Will We Get A Real-Life ‘Back to the Future 2’ Hoverboard By 2015?

“History has told us that some of the best and brightest people in the world had to defy the rules to give us the technology that we take for granted today.”

That’s from inventor, designer, and would-be hoverboard creator Robert Haleluk’s recent interview with Motherboard, where he talked at length about his desire to bring everyone’s second favorite piece of “Back to the Future” tech* into the real world.

Haleluk, who began a $1 million-targeting Indiegogo funding campaign at the end of June, hopes to build the first open-source hoverboard platform by the summer of 2015: right around the time that they were supposed to exist in the Robert Zemeckis film. The funds would be used to set up a knowledge base at Hoverboard.org as well as develop and prototype designs for an iOS-controlled hoverboard.

Here’s Haveluk’s description of the proposed piece of current science fiction:

The Hoverboard will be powered by omni-direction tubeaxial blowers, which is similar to the technology being used in the hover-bike above and throughout the aerospace industry. As a matter of fact, the company that we purchase them from is a defense contractor who manufactures parts for stealth submarines, torpedos and other military applications. The Hoverboard will be powered by an on-board rechargeable battery and it will be controlled from your iPhone or Android device.

In the Motherboard interview, the inventor talks a lot about taking inspiration not from existing hover-thing projects like the recent hover-bike concept, but instead from the world of defense contractor designs such as vertical takeoff and landing (VTOL) craft.

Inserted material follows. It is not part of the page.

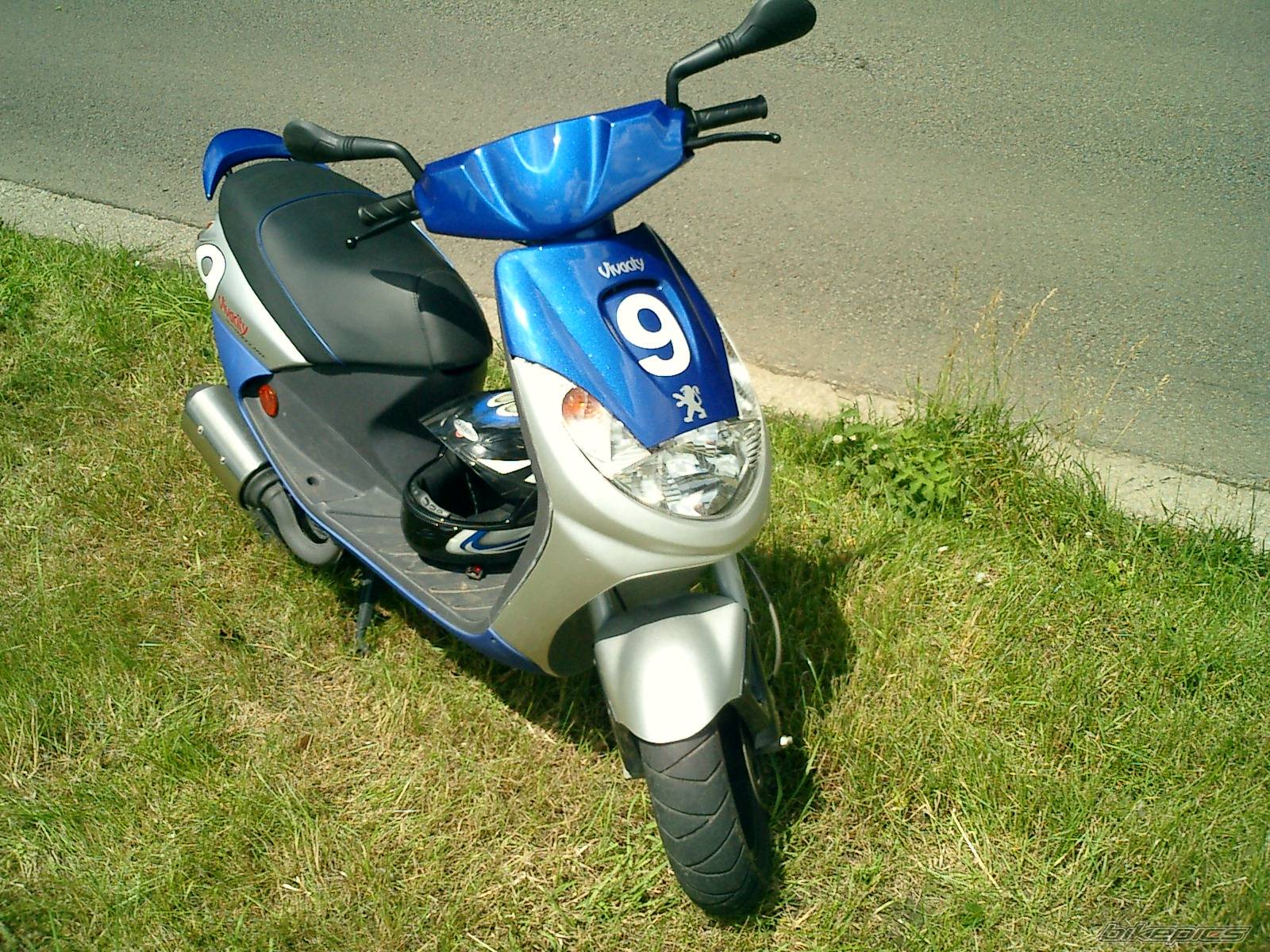2005 PEUGEOT VIVACITY | Picture 288226 motorcycle photo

The open source part comes in with the app, whose SDK Haltek Industries will release for free to any ambitious developers out there looking to design games for the prospective hoverboard**.

The response has been somewhat muted, though: as of this writing, the campaign has reached around $2700 since it launched on June 28. There’s still 21 days to go, though, so if you want to put your support behind the project (which offers a functional hoverboard at the $5,000 and $10,000 backer levels), then get in on it now.

*A time-traveling DeLorean, clearly.
**Or who might wish to turn it into a remote controlled dervish of death.